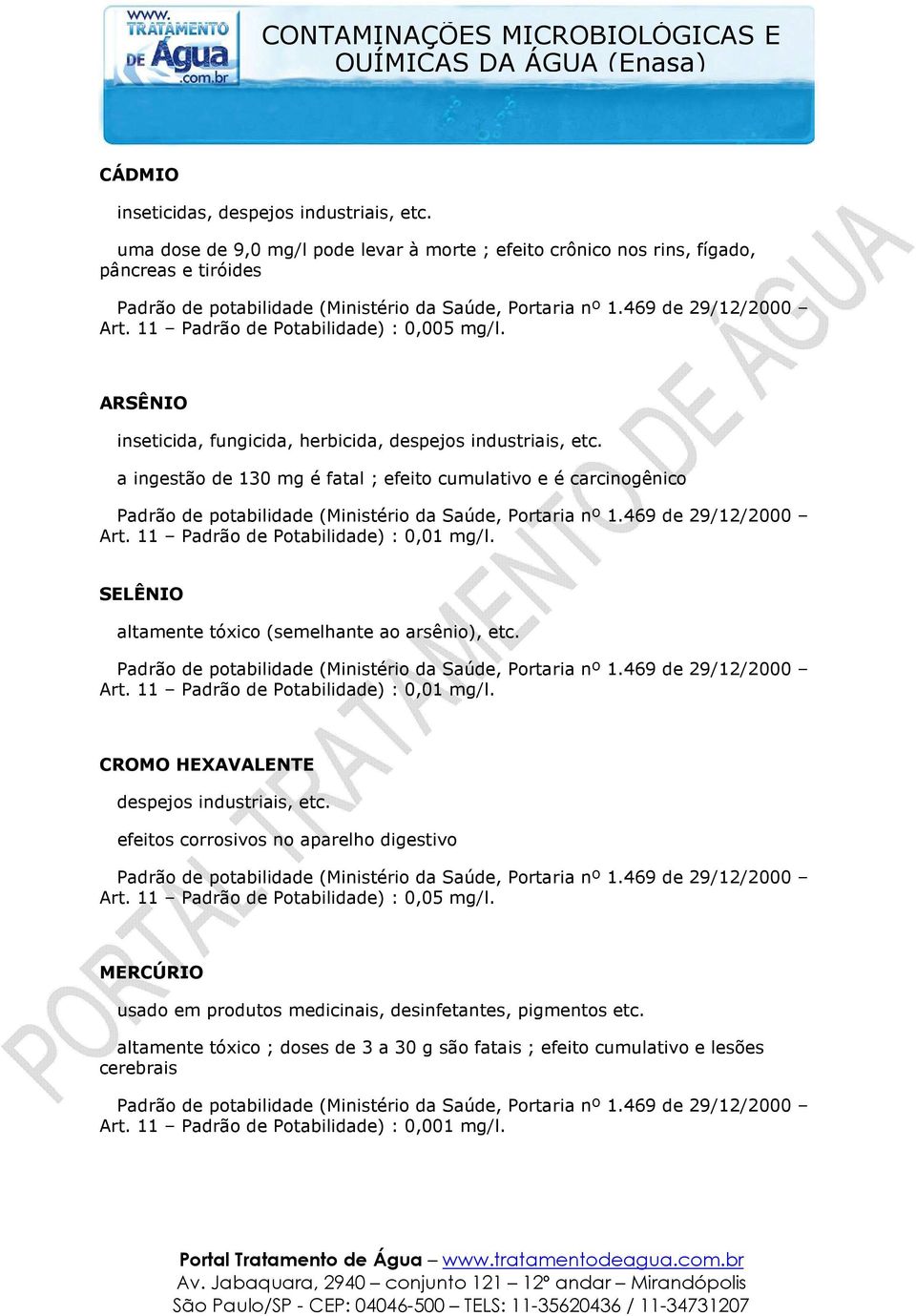 SELÊNIO altamente tóxico (semelhante ao arsênio), etc. Art. 11 Padrão de Potabilidade) : 0,01 mg/l. CROMO HEXAVALENTE despejos industriais, etc. efeitos corrosivos no aparelho digestivo Art.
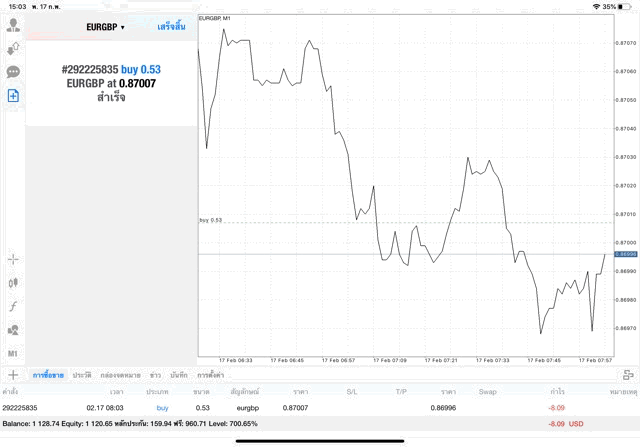 หัดเล่นฟรี ทดลองเล่นหุ้น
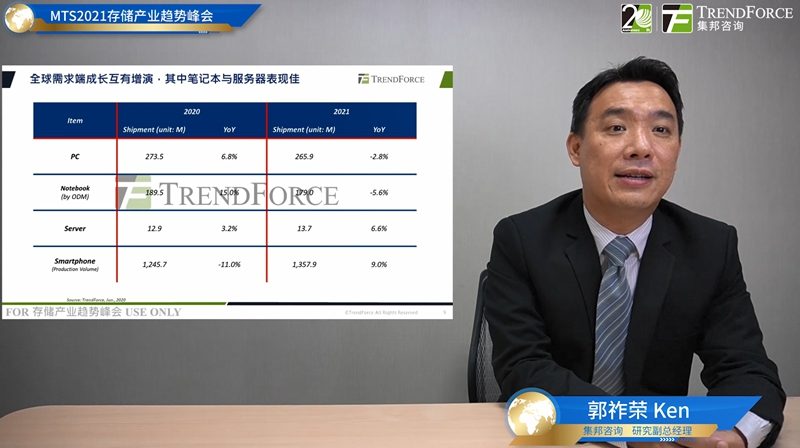 MTS2021存储产业趋势峰会圆满落幕全攻略(图3)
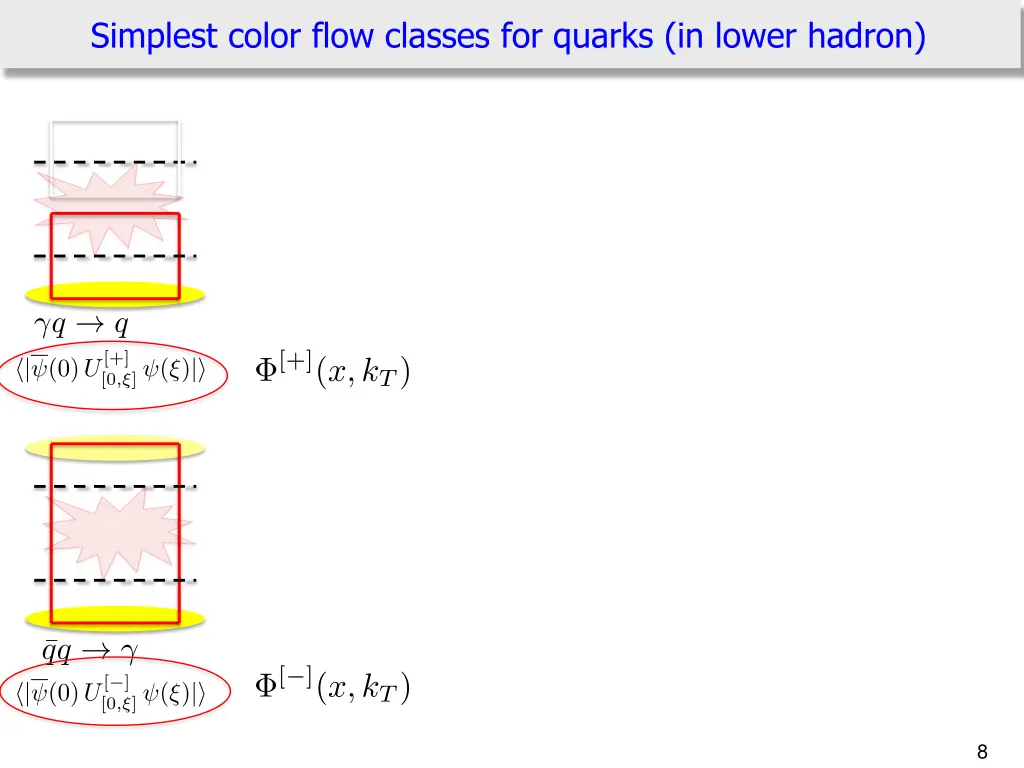 simplest color flow classes for quarks in lower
========
REQUIREMENT: Except for the pictures, return every line of the material exactly.

SOLVED PROBLEM:
 SELÊNIO altamente tóxico (semelhante ao arsênio), etc. Art. 11 Padrão de Potabilidade) : 0,01 mg/l. CROMO HEXAVALENTE despejos industriais, etc. efeitos corrosivos no aparelho digestivo Art.
 หัดเล่นฟรี ทดลองเล่นหุ้น
 MTS2021存储产业趋势峰会圆满落幕全攻略(图3)
 simplest color flow classes for quarks in lower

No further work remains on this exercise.